To run IsoQuant on aligned reads (make sure your BAM is sorted and indexed) use the following command:

  isoquant.py --reference /PATH/TO/reference_genome.fasta  
  --genedb /PATH/TO/gene_annotation.gtf 
  --bam /PATH/TO/sample1.sorted.bam /PATH/TO/sample2.sorted.bam 
  --data_type (assembly|pacbio_ccs|nanopore) -o OUTPUT_FOLDER

If using official annotations containing gene and transcript features use --complete_genedb to save time.

About IsoQuant

IsoQuant is a tool for reference-based analysis of long RNA reads, such as PacBio or Oxford Nanopores. IsoQuant maps reads to the reference genome and assigns them to the annotated isoforms based on their intron and exon structure. IsoQuant is also capable of discovering various modifications, such as intron retention, alternative splice sites, skipped exons etc. IsoQuant further performs gene, isoform, exon and intron quantification. If reads are grouped (e.g. according to cell type), counts are reported according to the provided grouping. In addition, IsoQuant generates discovered transcript models, including novel ones.
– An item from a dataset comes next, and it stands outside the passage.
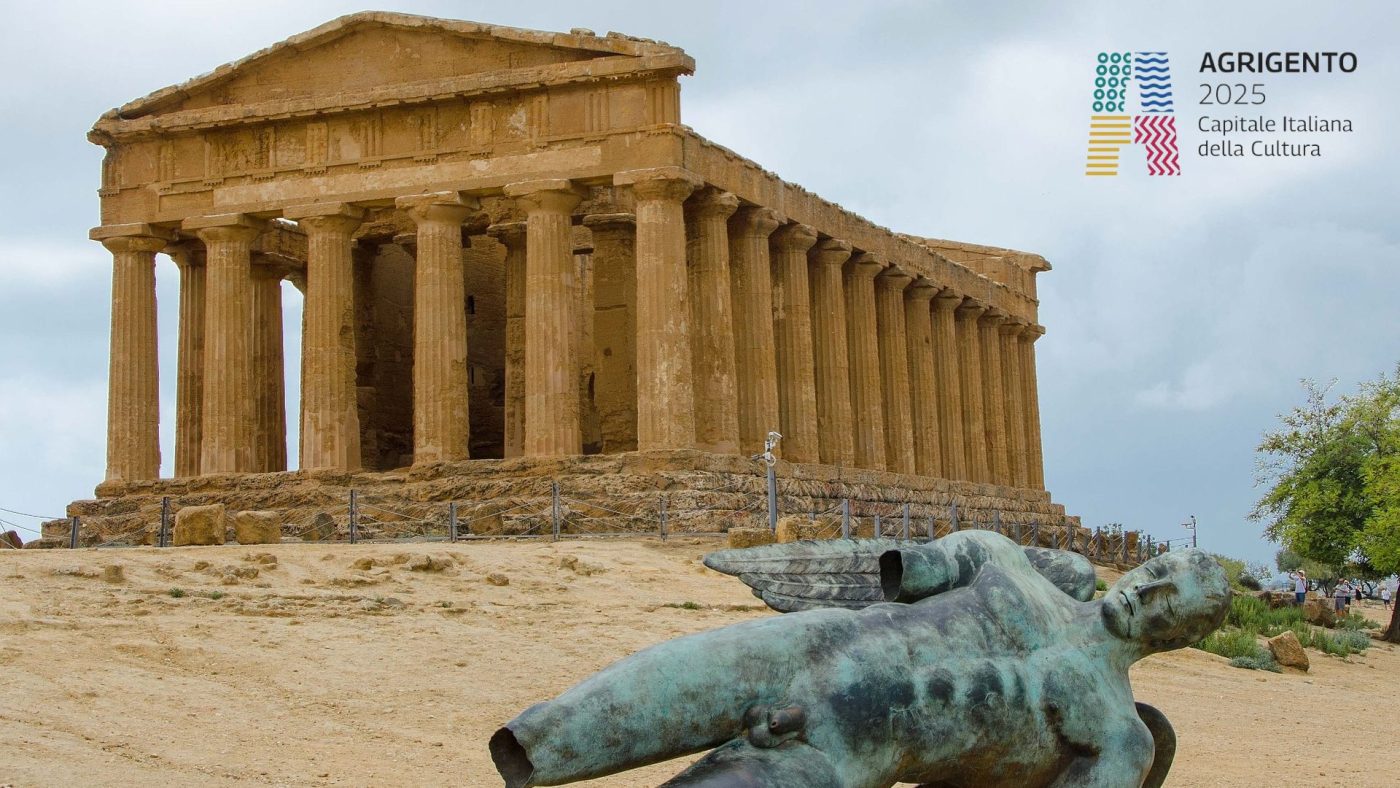 Tempio della Concordia di Agrigento con scultura moderna in bronzo in primo piano, Valle dei Templi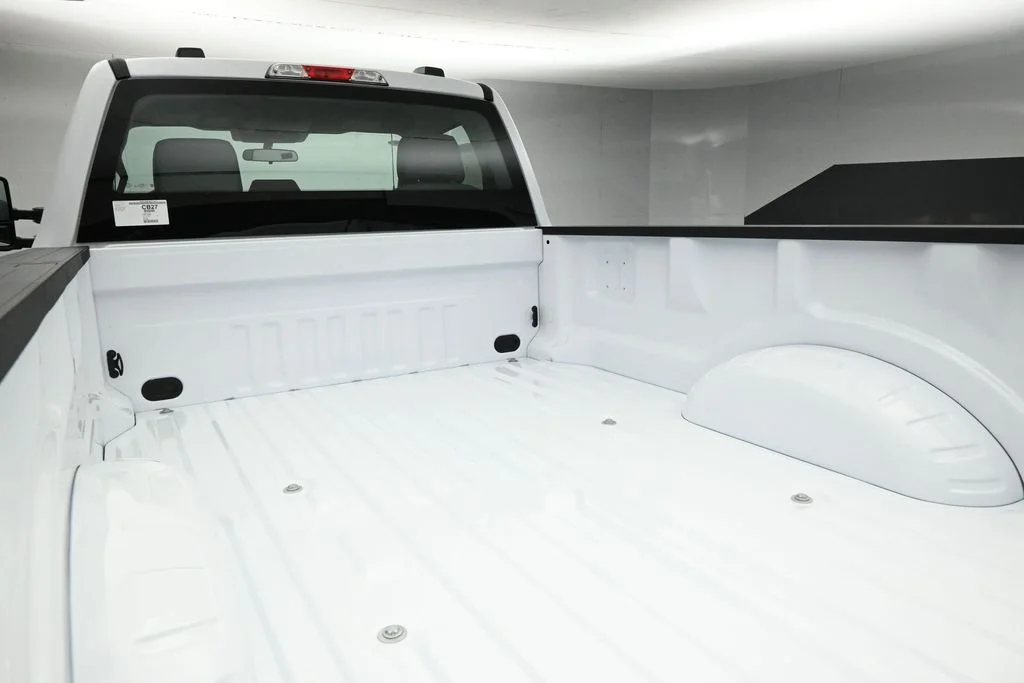 New 2027 Oxford White Ford XLT image 16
IsoQuant version 2.3.0 was released under GPLv2 on May 27th, 2022 and can be downloaded from https://github.com/ablab/IsoQuant.

IsoQuant pipeline

Supported data types

IsoQuant support all kinds of long RNA data:

PacBio CCS
ONT dRNA / ONT cDNA
Assembled / corrected transcript sequences

Reads must be provided in FASTQ or FASTA format (can be gzipped). If you have already aligned your reads to the reference genome, simply provide sorted and indexed BAM files.

Supported reference data

Reference genome should be provided in multi-FASTA format (can be gzipped). Reference genome is mandatory even when BAM files are provided.

Gene annotation can be provided in GFF/GTF format (can be gzipped). In this case it will be converted to gffutils database. Information on converted databases will be stored in your ~/.config/IsoQuant/db_config.json to increase speed of future runs. You can also provide gffutils database manually. Make sure that chromosome/scaffold names are identical in FASTA file and gene annotation.
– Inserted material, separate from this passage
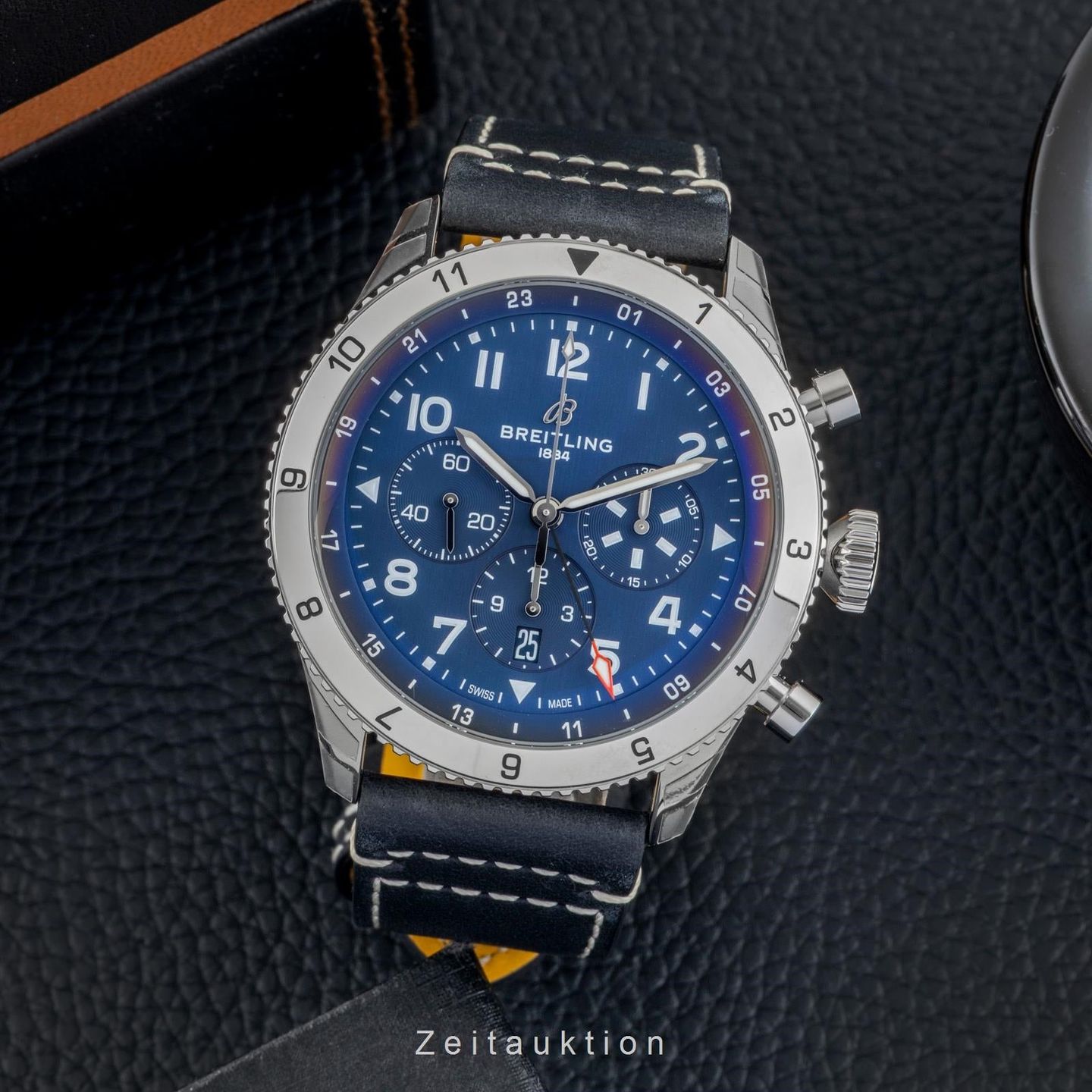Breitling Super Avi AB04451A1C1X1 - (3/8)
Pre-constructed aligner index can also be provided to increase mapping time.

Installation

IsoQuant requires a 64-bit Linux system or Mac OS and Python (3.7 and higher) to be pre-installed on it. You will also need

Installing from conda

Isoquant can be installed with conda:

conda install -c bioconda isoquant

If this command does not work, it means that bioconda is not updated yet. Try installing via:

conda create -n isoquant python=3.7
conda activate isoquant
conda install -c bioconda -c conda-forge -c isoquant isoquant

Manual installation and requirements

To obtain IsoQuant you can download repository and install requirements.
Clone IsoQuant repository and switch to latest release:

git clone https://github.com/ablab/IsoQuant.git
cd IsoQuant
git checkout latest

Install requirements:

pip install -r requirements.txt

You also need samtools and minimap2 to be in the $PATH variable.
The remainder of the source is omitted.